Cat no. 226509

British Cinema History Research Project Oral Histories: Tom Peacock (studio plasterer)


Tom Peacock (1908 - ?)
Interviewed by Roy Fowler

Tom Peacock was born in 1908 the son of a plasterer’s labourer in Hammersmith. After initial work in a briar pipe factory, he entered the building trade as a plasterer and having trained to do fibrous plaster work at night school, he entered the film industry as a plasterer in the late 1930s.

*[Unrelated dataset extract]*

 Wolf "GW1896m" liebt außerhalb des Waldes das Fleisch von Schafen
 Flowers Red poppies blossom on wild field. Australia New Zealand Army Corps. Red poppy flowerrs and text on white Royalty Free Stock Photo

In this interview conducted at ‘Glebelands’ (the CTBF retirement home) Peacock talks to Roy Fowler about his career as a studio plasterer in various studios including Denham, Riverside, Pinewood and Shepperton. A particularly interesting section discusses the typical day of the plasterer and the kind of work they were required to do, and how the plasterers shop tended to be organised. A member of NATKE, Tom discusses the role of Trade Unions within the industry, remembering several trade disputes arising out of issues of division of labour and Bank holiday rights - particularly the long-running dispute at Riverside during the filming of 'The Years Between' (1946). He discusses the system of allocating location work. Among the films touched on are 'The Seventh Veil' (1946), 'Fire Over England' (1937), 'Some Girls Do' (1969), 'The Long Duel' (1967), and 'In Which We Serve' (1942). Colleagues mentioned include Art Director Carmen Dillon and NATKE officials Tom O’Brien and Frank Kelly. Peacock also discusses the film made by the Trade Unions in support of Russia’s involvement in the war, 'Our Film' (1942) and the involvement of plasterers from the Crown Film Unit in creating WWII camouflage items at the ‘Thatched Barn’ at Elstree.